Weekly Schedule (2019-)

My current schedule is weekly:

  • Monday: Do meal planning for the week, and grocery shopping for the week if needed.
  • Tuesday: Cook food for the week.
  • Thursday: Batch day.
    Do all the small chores (<1 hour) on one day. I aim for around 2-4 hours of chores, but I’m fine skipping a batch day if I don’t really have anything. I almost always clean my room and do laundry at minimum. I also have a running list of small tasks: call the doctor, clean the fridge, fix SSL certs.
  • Friday: Review day.
    I’ll do a weekly review, and a monthly one if it’s the last weekly review of the month. Then I’ll type up the timelog up to that point in time. For my weekly review, which I do on my computer, I write down

    • How much sleep I got on average
    • What I did each day of the week (summary of that day’s time log). Typically once I cut out really boring things (brush your teeth), food, movies, etc there’s not all that much left.
    • Accomplishments. Anything I got done this week. Also, any big milestones reached (finished X) even if the last step wasn’t that impressive.
    • Reflection/things learned: Did anything major happen? Did I learn any new facts? This is my time to look at the big picture and thing about how my life is going lately and where I’d like it to go.
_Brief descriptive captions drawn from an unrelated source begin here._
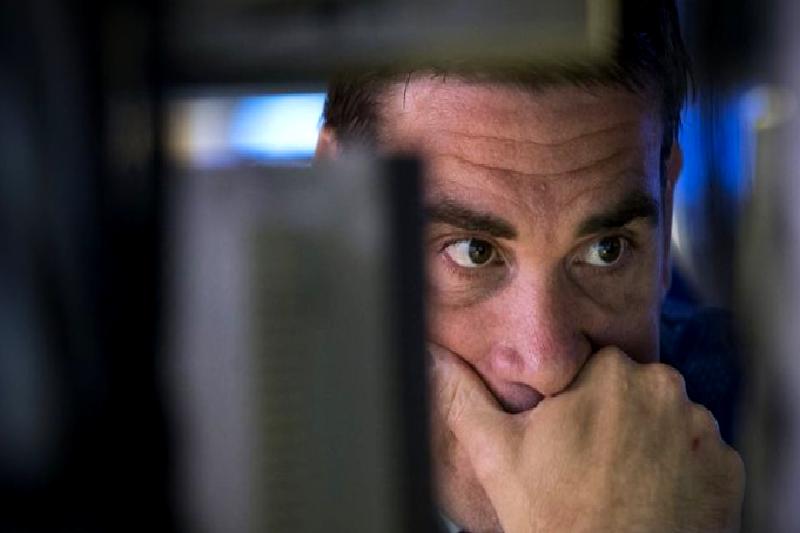 ABD'nin yaptırımları genişletme kararı hakkında en güncel haberlere ve detaylara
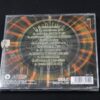 Various ‎– Head Fuck - Alpha One CD0220 - immagine 2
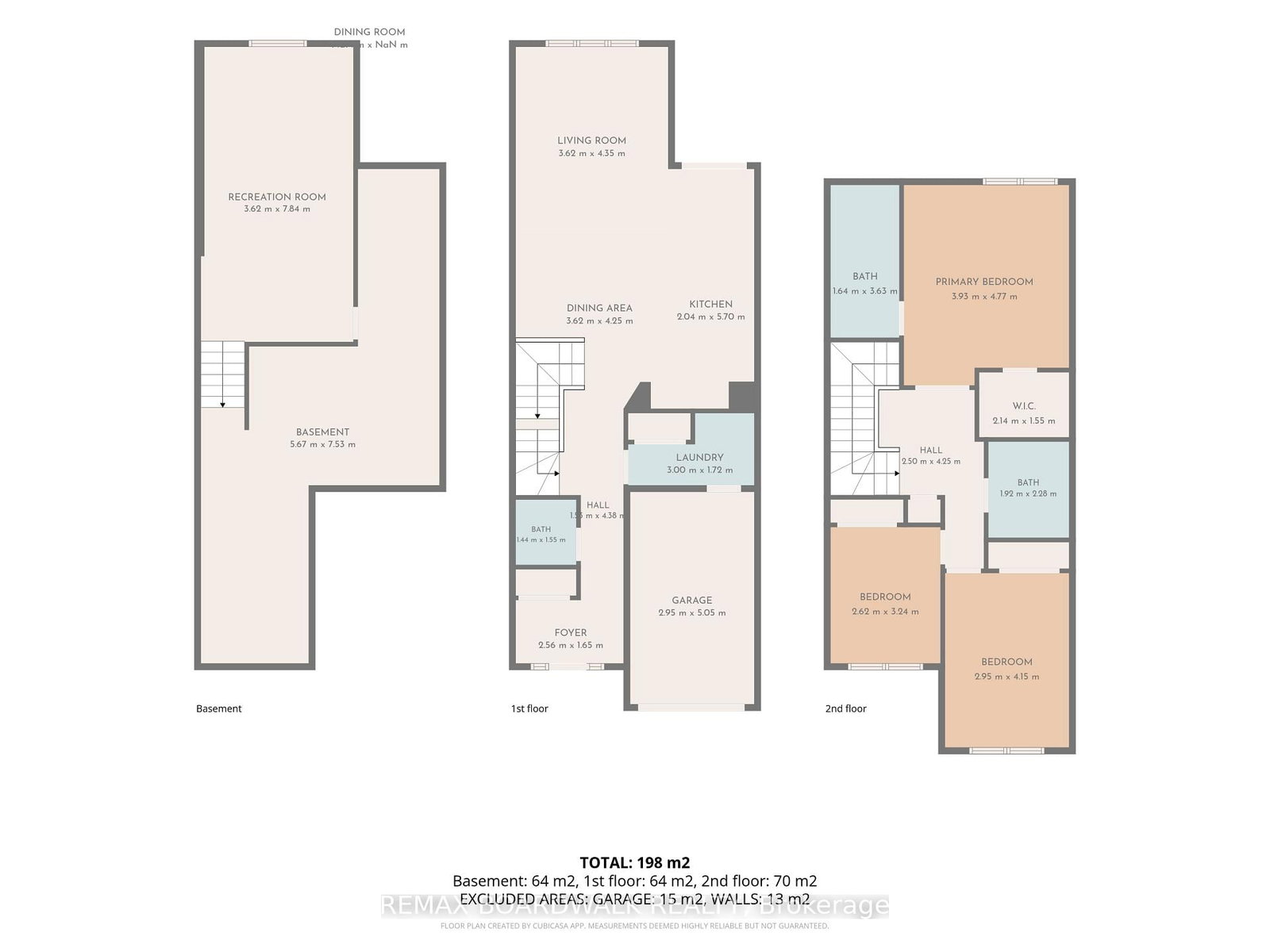 102 Patchell Place • North Grenville, ON photo 42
Also, if anything especially good/bad happened, I try to think about why and how to make things go well next time.

    • Finances. I copy down my expenses for the week and total them by category.

  • Saturday: Nothing planned.
  • Sunday: Nothing planned.

I haven’t done batch cooking in a while, but I’m also trying to run out my food supplies because I’m about to move, so we’ll see if it sticks around.

Daily Log (2019-)

Every morning, I record:

  • The date and time I’m recording
  • How much sleep I got (but not when I went to sleep or woke up)
  • What day it is in my schedule
  • The temperature of the room
  • My body temperature (am I running a fever?)
  • How much exercise I got yesterday, in minutes (and what type)
  • My weight

I don’t think it matters that much how you do these measurements, but it’s important to be consistent (for example, weight with clothes on/off?)
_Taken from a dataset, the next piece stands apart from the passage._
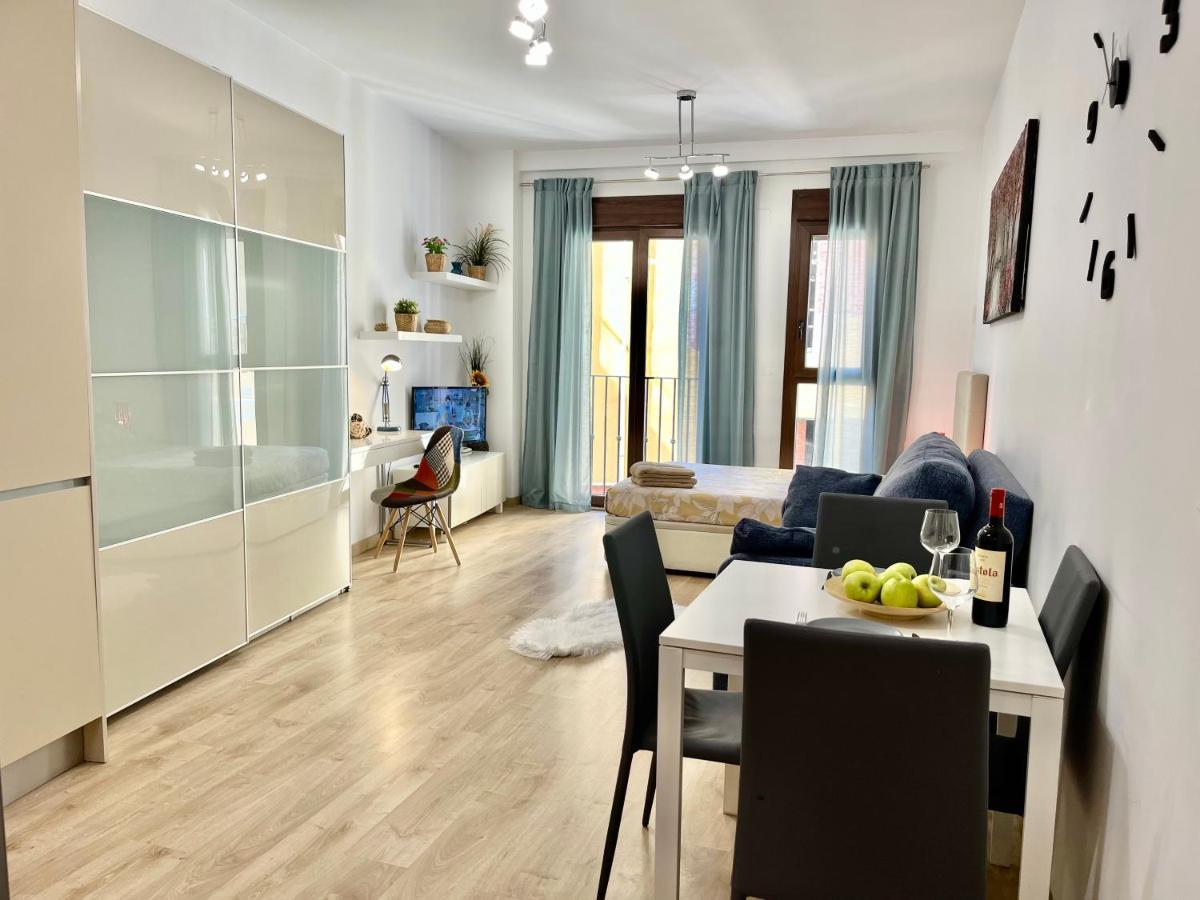 Apartamento Dream Loft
If I have a specific habit I’m trying to pick up (say, brushing my teeth twice a day or meditating) I might record that for a while too each day. I used to record a mission for the day, but I dropped the habit.

Automatic Logs

I put all my computer logs in a single combined format, and sync them to a single location, starting in 2019. The format is basically <date> [<log name>:<computer name>] <Log entry>. I don’t have a great process to view logs yet.

Sleep Log (2019-) / Keystoke Activity Log (2013-)
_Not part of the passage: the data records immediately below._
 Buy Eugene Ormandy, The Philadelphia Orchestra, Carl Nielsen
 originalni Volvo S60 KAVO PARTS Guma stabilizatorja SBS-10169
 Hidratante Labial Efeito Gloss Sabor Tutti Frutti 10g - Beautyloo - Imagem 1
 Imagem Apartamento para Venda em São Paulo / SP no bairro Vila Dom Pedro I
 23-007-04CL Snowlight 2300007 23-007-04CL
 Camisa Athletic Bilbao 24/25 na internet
I log which hours I was asleep. I live alone and tend to fall asleep first thing after closing my laptop in bed, or at least with a video playing in the background, which makes this relatively easy. I keep a computer log of whether I’m using my keyboard (I almost never do anything with just the mouse) for each minute using a custom-built keylogger (it records activity but not passwords).

Then I run it through a custom script (included in link) which says which broad periods I was active. The biggest inactive period in a day is when I was asleep.

~ $ sleep?
Report period: 2019-12-17 00:00:00 – 2019-12-17 16:21:06 (16:21:06s)
Inactive: 2019-12-17 04:50:18 – 2019-12-17 12:02:58 ( 7:12:40s)

I was asleep from 4:50am to 12:02pm. I make sure to write down when I wake up into my time log in case I don’t use the computer first thing. This has been much better at guessing when I fell asleep than anything else I’ve tried.

If you don’t fall asleep at a computer, I have some ideas around using a motion sensor (cheap webcams can see in the dark)

Chromium History Log (2013-)

I use Chromium as my only web browser. I export the history and bookmarks every time I do a backup, and put it all in a standard log format (basically time + URL). Currently I only record each history entry once.

For futureproofing, I archive every webpage I go to on an irregular basis (about once a year). Archiving pages doesn’t work super well but it’s better than nothing.

Video/TV Log (2019-)

I watch my movies using noice, either directly on my television, or streamed from my media server to my laptop. When I start watching something, it automatically gets logged (including what the movie is, the path, how long it is etc). Same for when I stop, so I know if I quit early.

Youtube is included in my chromium history (see above). Sadly I’m not sure I can get ‘how much of this video did I watch’ from my format–only that I visited the video.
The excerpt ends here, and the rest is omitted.